Records supplied: Begin

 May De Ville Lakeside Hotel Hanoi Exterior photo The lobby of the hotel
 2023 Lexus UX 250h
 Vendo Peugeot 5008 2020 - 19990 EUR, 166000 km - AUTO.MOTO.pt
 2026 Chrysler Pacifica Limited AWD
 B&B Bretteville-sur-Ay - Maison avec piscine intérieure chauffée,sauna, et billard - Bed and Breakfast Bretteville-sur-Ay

Records supplied: End

> **What this task involves**
Every line of the listing above is to be set down again without any change.

> **Your solution**
 May De Ville Lakeside Hotel Hanoi Exterior photo The lobby of the hotel
 2023 Lexus UX 250h
 Vendo Peugeot 5008 2020 - 19990 EUR, 166000 km - AUTO.MOTO.pt
 2026 Chrysler Pacifica Limited AWD
 B&B Bretteville-sur-Ay - Maison avec piscine intérieure chauffée,sauna, et billard - Bed and Breakfast Bretteville-sur-Ay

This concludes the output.